* * *
С такими мыслями я смотрел на роившийся около меня Гум. Коммунисты воображают, что, открыв государственный магазин, где они торгуют всякой всячиной, галстухами, гитарами и простынями, они совершают нечто глубоко социалистическое, некое таинство в стиле чистого ленинизма. Не понимают, что они просто вернулись к старо-русским навыкам, когда Императорское Правительство не только нас обучало, возило, поило (монополькой, удельными винами и шампанским Абрау-Дюрсо), но даже готовило нам балерин, тонкие сервизы и раскрашенные детские сказочки Спрячься, жалкий Гум, старой русской казны в таком «социализме», если сие социализм, не перещеголяешь!
Впрочем, сей Гум, наверное, чепуха. Должно быть, дает убыток, а если не дает убыток, то какое-нибудь мошенничество под этим, какие-нибудь скрытые субсидии или что-нибудь в этом роде, напр [имер], налогов, вероятно, Гум не платит, налогов, которые душат частников. Да и вообще это чепушная мысль, чтобы государство занималось этой мелочью; его дело массовые производства Круппо-Фордовского масштаба.
Но не в том сила. Вопрос состоит в том, чтобы найти правильный водораздел в будущем. Когда большевики уйдут, люди, добросовестные и свободные от предрассудков, будут рассудочно и на ощупь искать: где же проходит выгодная грань между государственной и частной хозяйственной деятельностью?
Где остановить линию государственных снегов, одевающих Россию сверху? Где проложить черту, за которой должна быть зеленая поросль сочной частной инициативы?
Да, в этом весь «гумский вопрос»…
XVIII
Домик
Мы вышли из Гума и нырнули в город в тот час, который, может быть, для красной Москвы наиболее типичен.
Это — часть, когда советская, чиновничья стихия заливает улицы.
Народ не помещается на тротуарах. Это в буквальном смысле слова человеческий поток, который хлещет через Москву. Каким-то образом мы вышли на Тверскую. Тверская, хотя и главная московская, но сравнительно узенькая улица. Тут взгромоздиться на тротуар было совершенно невозможно. По обеим сторонам, занимая часть мостовой, стесняя извозчичье и автомобильное движение, двигался этот бюрократическнй поток, перемешавшись с «обычным» населением.

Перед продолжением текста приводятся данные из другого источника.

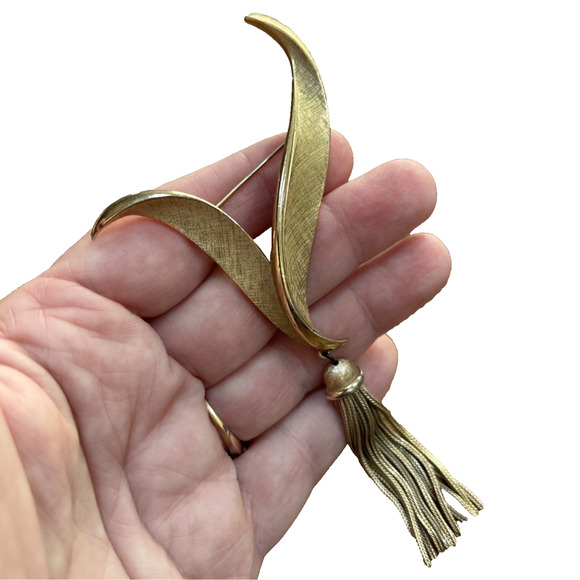 Vintage Crown Trifari Golden Tassel Brooch Mid Century Statement Runway Jewelry - Picture 2 of 6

Первое, что бросилось в глаза в этой реке, это ее национальная окраска. Огромное количество евреев. Закутанные в меха, дешевые и дорогие, они представляют современную вариацию традиционного «русского медведя». Впечатление было еще, может быть, более резкое, чем Крещатик в Киеве. Может быть, потому, что в Москве особенно подчеркивалась эта еврейская струя, ибо евреи и Москва не успели, так сказать, вступить в законный симбиоз, освященный веками, как в Киеве.
Но во всяком случае здесь повторялось то же явление: захватывался центр. Большая Москва — окраинная Москва, так сказать, — лучи пятиконечной звезды могут быть русскими. Но сердце должно быть юдаизировано. Сделалось ли это по некоему плану или само собой — это пока не ясно. Вероятно, было и то и другое.
На Тверской можно было увидеть если не хорошо, то богато, по-советски, одетых людей. Между прочим, входила в моду нелепая фуражка, сделанная из каракуля. Это пахло каким-то шкловским безвкусием. Я заметил также некую тенденцию в «военном» мире. К шлемам, «буденовкам», к «стрелецким» застежкам на груди — некоторые прибавляют желтые сапоги, так сказать, гримируясь «под рынду». Славянофилы — чекисты! Комбинация на первый взгляд удивительная. Но, при дальнейшем размышлении, нельзя не признать, что опричники царя Иоанна Васильевича имеют некоторое духовное сродство с партией коммунистов. У тех и у других была одна и та же задача — бороться с «земщиной».
* * *
Насчет «электрификации». В ленинском смысле, то есть в рассуждении сотворить что-нибудь доселе невиданное в мире, ничего не вышло. Но вообще говоря, если предъявлять требования обыкновенного большого европейского города, то Москва сейчас освещена хорошо. Много просто фонарей, сверкают светящиеся вывески, которые между прочим, по советской привычке, «поучают». Они учат гражданина, чтобы он ходил по правой стороне, чтобы он не лез на мостовую, ибо сие опасно… Но последнее тщетно. Поэтому, как мне сказали, в Москве за хождене по мостовой людей штрафуют. Три рубля, которые немедленно взыскивает тут же милиционер. Вообще говоря, порядок поддерживается, и, видимо, суровой рукой. Иначе, при несомненном великом переполнении Москвы, произошел бы грандиозный кабак. Между тем такового не замечается. При большой напряженности движение все же течет сравнительно гладко.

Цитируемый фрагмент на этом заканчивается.